* SOURCE MATERIAL:
┄┄┄┄┄┄

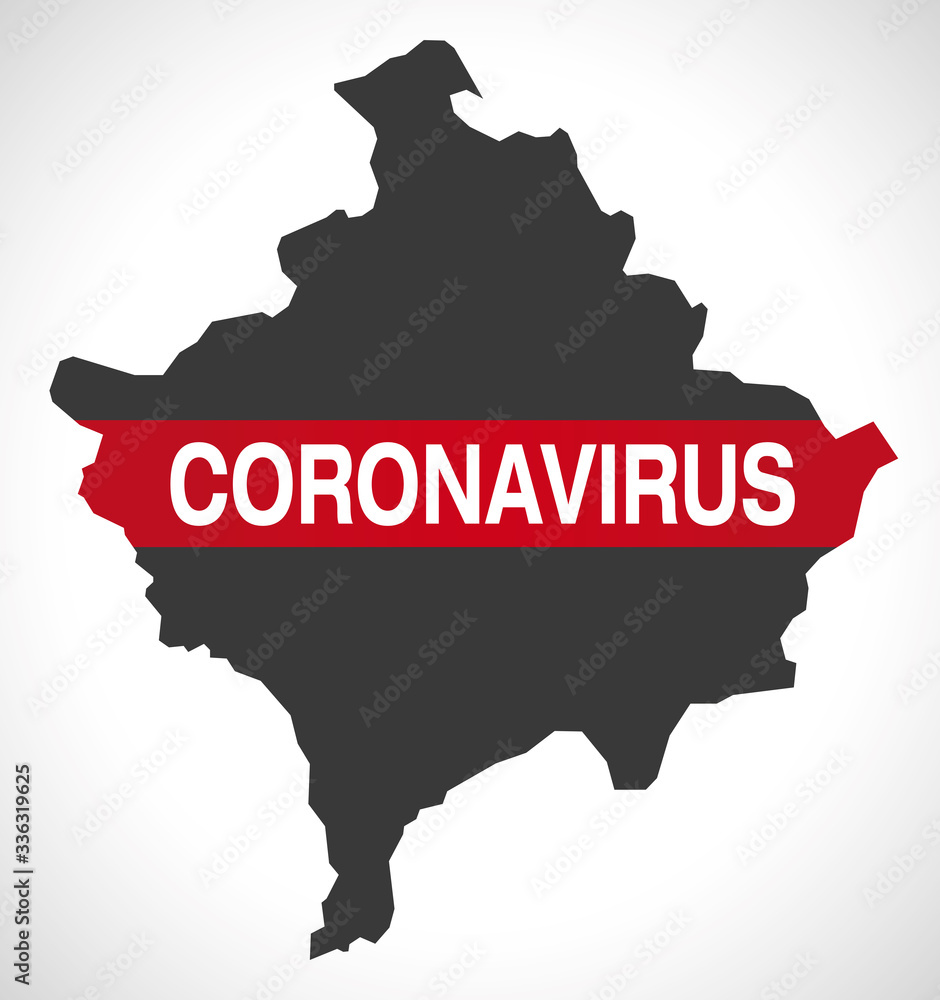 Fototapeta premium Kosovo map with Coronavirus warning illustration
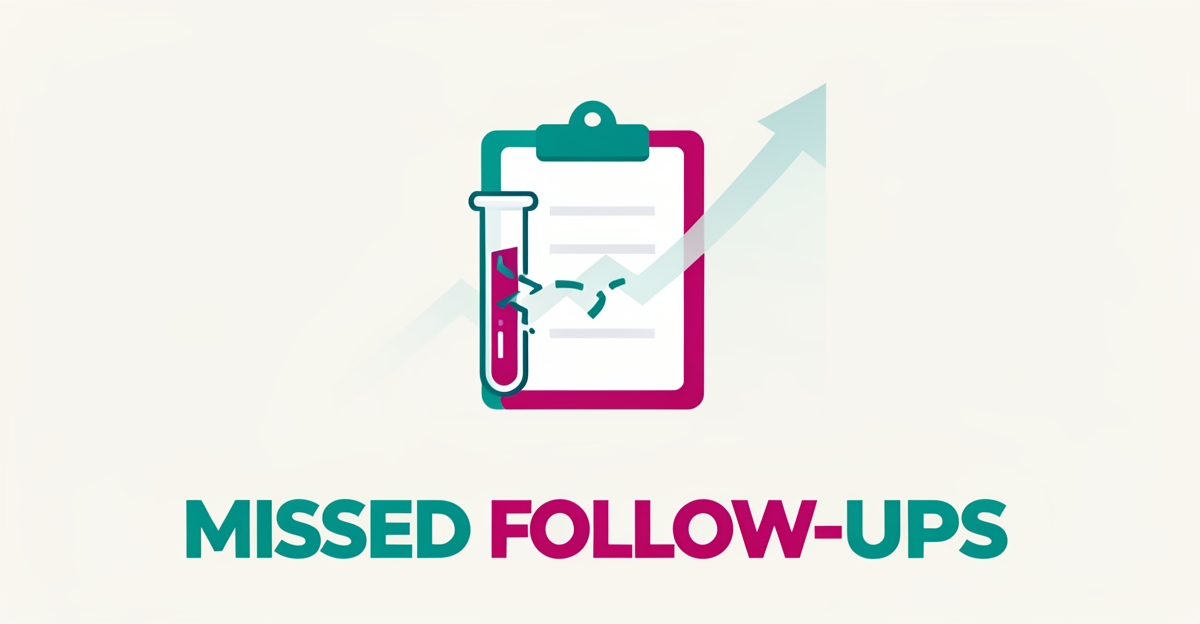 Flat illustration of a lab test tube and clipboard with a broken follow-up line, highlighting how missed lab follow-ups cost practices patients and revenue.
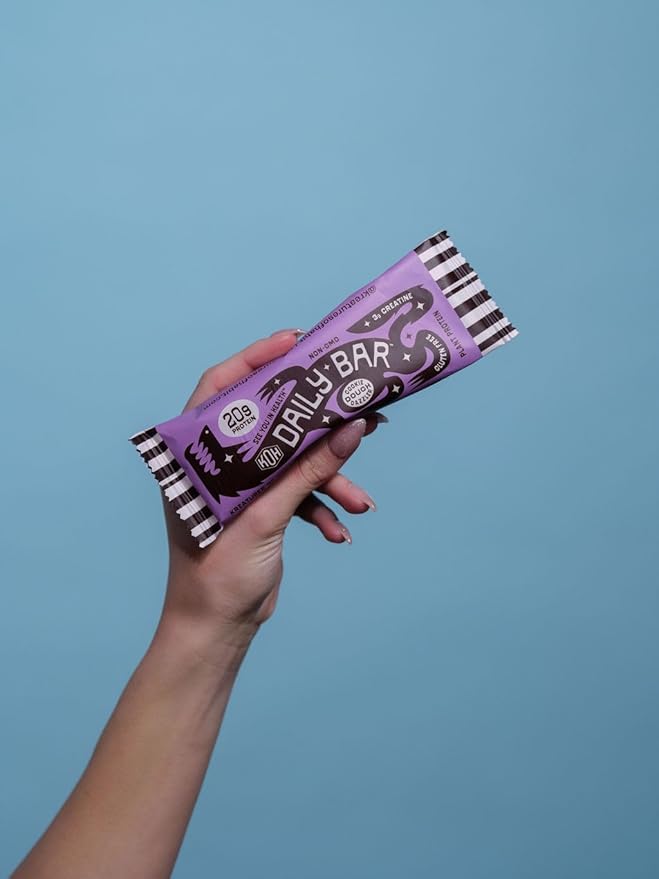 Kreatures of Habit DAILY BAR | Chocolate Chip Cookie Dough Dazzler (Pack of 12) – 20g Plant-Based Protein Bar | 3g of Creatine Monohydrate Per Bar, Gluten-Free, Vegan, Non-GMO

┄┄┄┄┄┄

* WHAT IS NEEDED: Your answer should copy the listing word for word, with no pictures in it.

* EXERCISE RESULT:
 Fototapeta premium Kosovo map with Coronavirus warning illustration
 Flat illustration of a lab test tube and clipboard with a broken follow-up line, highlighting how missed lab follow-ups cost practices patients and revenue.
 Kreatures of Habit DAILY BAR | Chocolate Chip Cookie Dough Dazzler (Pack of 12) – 20g Plant-Based Protein Bar | 3g of Creatine Monohydrate Per Bar, Gluten-Free, Vegan, Non-GMO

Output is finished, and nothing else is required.